You might think they’d come cheaper than American pols, but you might be wrong.
Seems the most you can “buy” is access to a politician. The very quiddity of a politician, the difference that makes a difference, is the politician’s ability to change his mind. That precludes out-and-out purchase. It’s more like what Dick Armey called it: renting.
The United States taxpayer has poured nearly two-thirds of a trillion dollars into the Afghanistan war, and there’s also $10 billion in official annual aid and who knows how many “millions of dollars in monthly payments delivered in suitcases, backpacks and plastic shopping bags” by the CIA in hopes of securing the election and continued cooperation of the Karzai government.
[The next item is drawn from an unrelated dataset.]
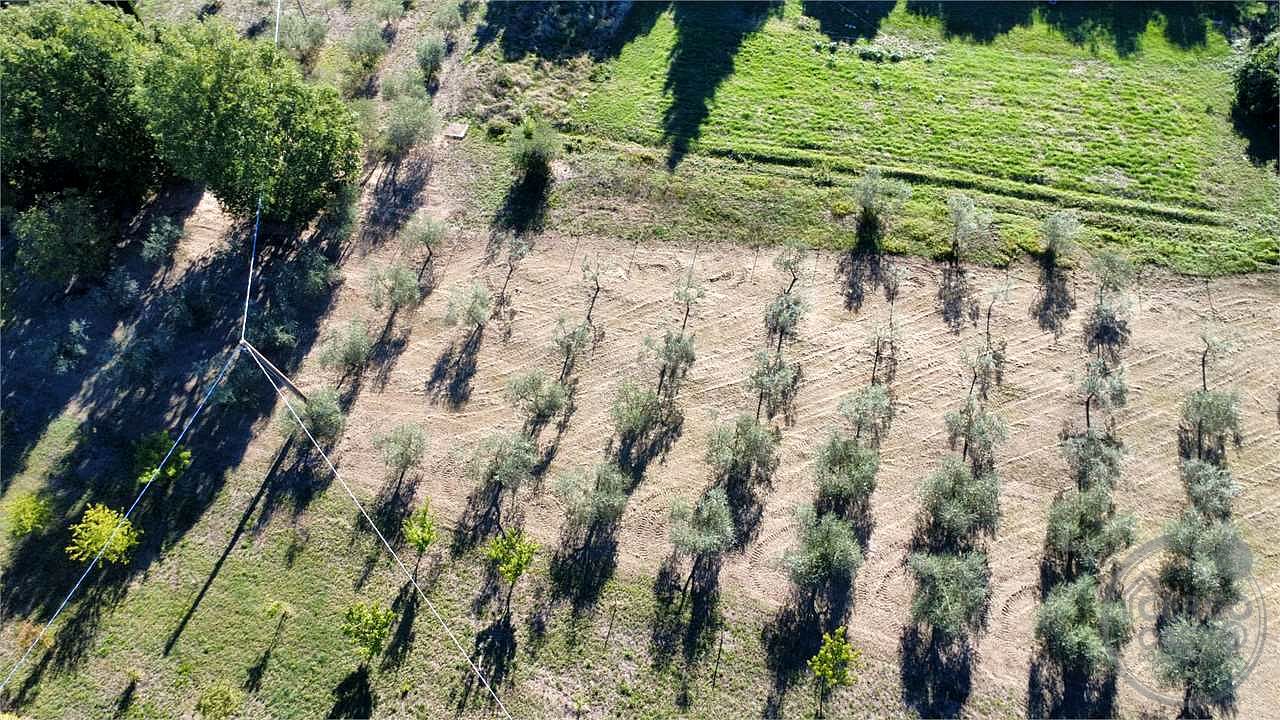 TODI - ROMAZZANO - TERRENO EDIFICABILE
But that cooperation didn’t last. It didn’t buy the U.S. permanent immunity status — apparently Obama administration higher ups wanted permanent war status in Afghanistan, protected from negative fallout like court suits.
The CIA-supplied suitcases of U.S. taxpayer money had a special name in the Karzai inner circle: Ghost money. What came in secret left in secret.
That’s why the “bought” — er, “rented” — don’t stay on the take for long. Why should they? What money? What payment?
You mean ghost money?
We don’t see no ghosts.
Sadly, there appears to be a lot of truth to the quip of one American official, quoted in the New York Times: “The biggest source of corruption in Afghanistan was the United States.”
On the bright side, this may mean that American forces will be withdrawn, perhaps even in toto, within the year.
This is Common Sense. I’m Paul Jacob.